←back to thread

210 points dakshgupta | 1 comments | | HN request time: 0s | source
Show context
Attummm ◴[] No.41848077[source]
When you get to that stage, software engineering has failed fundamentally.

This is akin to having a boat that isn't seaworthy, so the suggestion is to have a rowing team and a bucket team. One rows, and the other scoops the water out. While missing the actual issue at hand. Instead, focus on creating a better boat. In this case, that would mean investing in testing: unit tests, integration tests, and QA tests.

Have staff engineers guide the teams and make their KPI reducing incidents. Increase the quality and reduce the bugs, and there will be fewer outages and issues.

replies(4): >>41848735 #>>41849757 #>>41849885 #>>41852908 #
1. intelVISA ◴[] No.41852908[source]
Yep, software is about cohesion. Having one side beloved by product and blessed with 'the offense' racing ahead to create extra work for the other is not the play.

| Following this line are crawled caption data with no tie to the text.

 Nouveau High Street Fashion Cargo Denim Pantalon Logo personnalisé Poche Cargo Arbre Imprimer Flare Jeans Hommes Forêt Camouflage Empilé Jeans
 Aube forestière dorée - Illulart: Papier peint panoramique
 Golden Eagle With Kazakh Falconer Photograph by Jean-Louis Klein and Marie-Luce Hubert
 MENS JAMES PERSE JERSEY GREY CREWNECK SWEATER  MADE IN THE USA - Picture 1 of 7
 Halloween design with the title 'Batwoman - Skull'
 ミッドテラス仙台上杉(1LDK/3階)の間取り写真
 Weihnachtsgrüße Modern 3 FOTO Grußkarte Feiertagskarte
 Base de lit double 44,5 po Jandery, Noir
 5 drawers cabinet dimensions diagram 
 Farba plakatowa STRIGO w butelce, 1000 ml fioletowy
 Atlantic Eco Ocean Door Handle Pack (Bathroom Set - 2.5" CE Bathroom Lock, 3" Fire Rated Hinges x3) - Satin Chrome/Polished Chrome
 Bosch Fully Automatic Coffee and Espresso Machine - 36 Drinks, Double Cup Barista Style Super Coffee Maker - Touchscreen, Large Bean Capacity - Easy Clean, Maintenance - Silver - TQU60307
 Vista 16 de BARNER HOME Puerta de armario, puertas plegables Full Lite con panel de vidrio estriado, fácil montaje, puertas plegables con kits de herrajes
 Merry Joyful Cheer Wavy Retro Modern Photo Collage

Even when they rotate - who wants to clock in to wade through a fresh swamp they've never seen? Don't make the swamp: if you're moving too slow shipping things without sinking half the ship each PR then raise your budget to better engineers - they exist.

This premise is like advocating for tech debt loan sharks; I really hope TFA was ironic. Sure, it makes sense from a business perspective as a last gasp to sneakily sell off your failed company but you would never blog "hey here at LLM-4-YOU, Inc. we're sinking".